## Extracted records

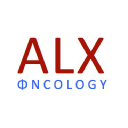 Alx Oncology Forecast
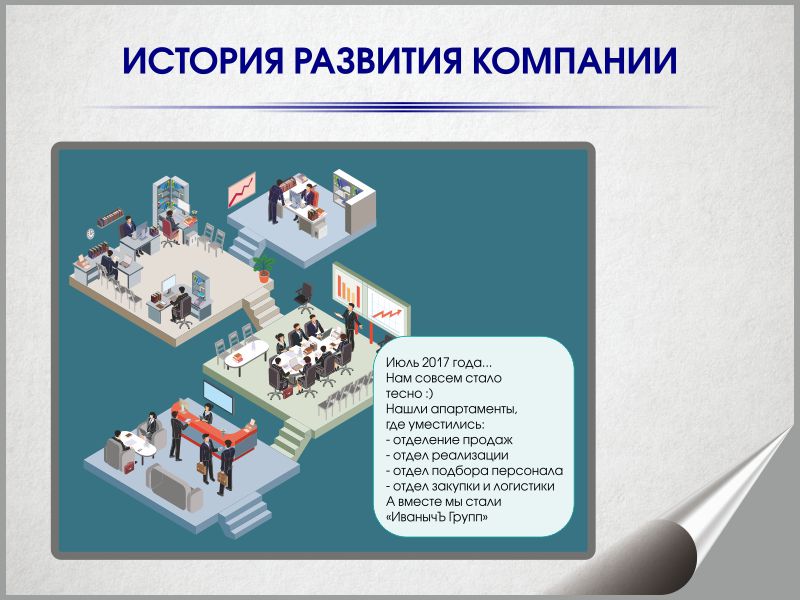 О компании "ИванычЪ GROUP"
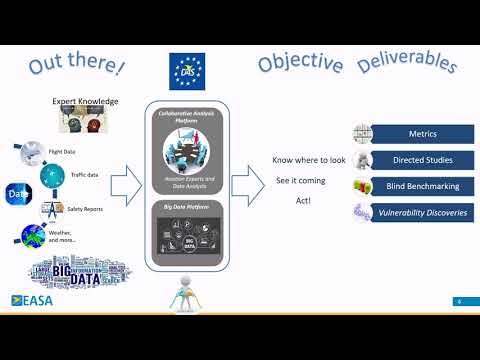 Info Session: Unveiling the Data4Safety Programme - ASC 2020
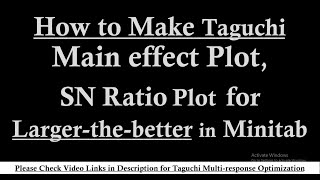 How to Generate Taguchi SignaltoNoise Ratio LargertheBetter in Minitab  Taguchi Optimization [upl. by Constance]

==

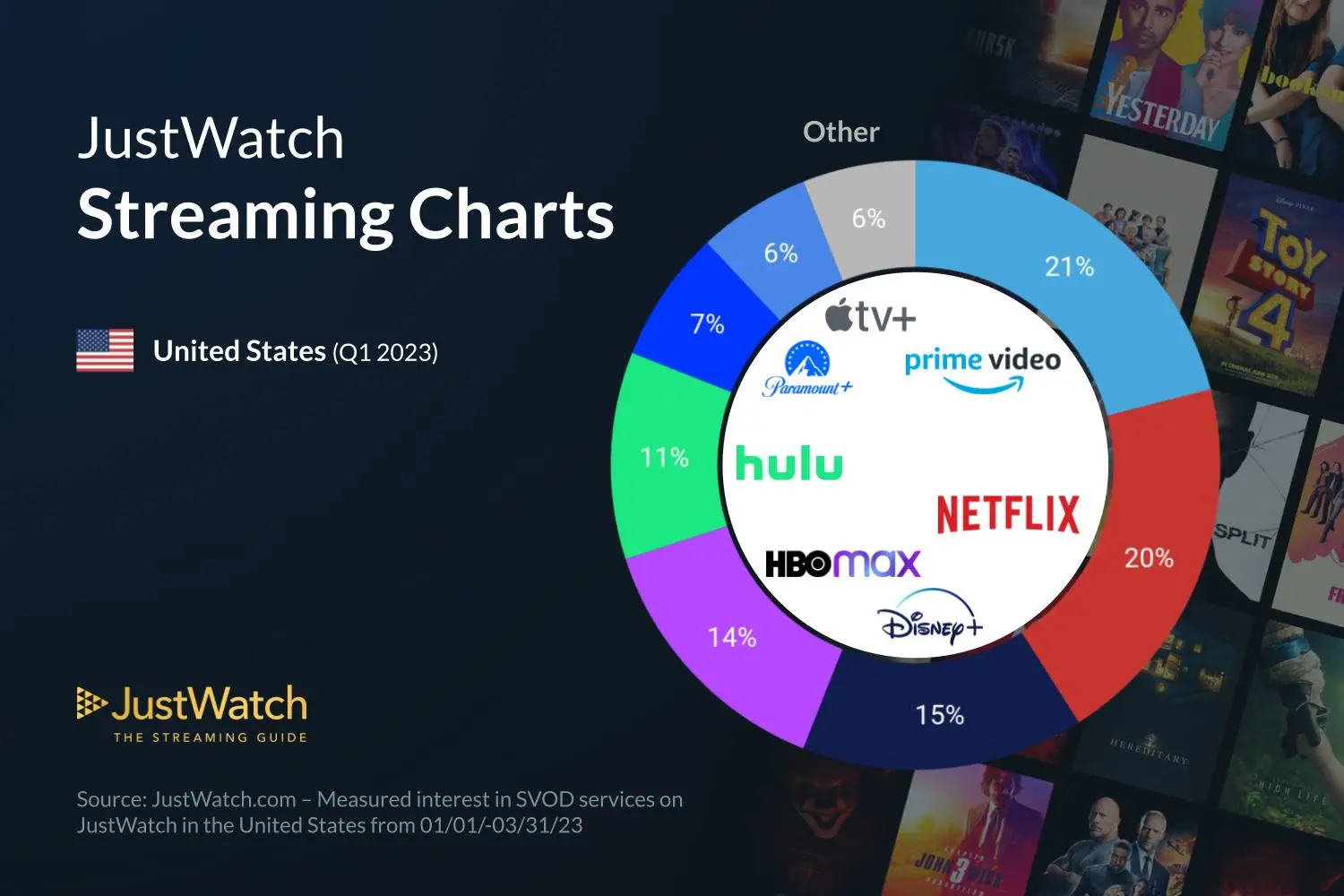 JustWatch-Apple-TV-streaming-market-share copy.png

--

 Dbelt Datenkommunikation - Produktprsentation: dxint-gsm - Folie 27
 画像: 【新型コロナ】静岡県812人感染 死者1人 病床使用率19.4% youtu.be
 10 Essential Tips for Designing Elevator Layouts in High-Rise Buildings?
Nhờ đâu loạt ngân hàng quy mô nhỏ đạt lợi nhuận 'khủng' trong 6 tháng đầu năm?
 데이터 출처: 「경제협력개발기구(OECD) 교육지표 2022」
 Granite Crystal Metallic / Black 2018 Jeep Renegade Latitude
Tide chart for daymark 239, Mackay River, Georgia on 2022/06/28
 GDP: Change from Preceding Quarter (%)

## Task
All lines above from the one with "Tide chart for" to the one with "GDP: Change from Preceding Quarter (%)", inclusive, should be copied exactly, and no other lines.

## Task solution
Tide chart for daymark 239, Mackay River, Georgia on 2022/06/28
 GDP: Change from Preceding Quarter (%)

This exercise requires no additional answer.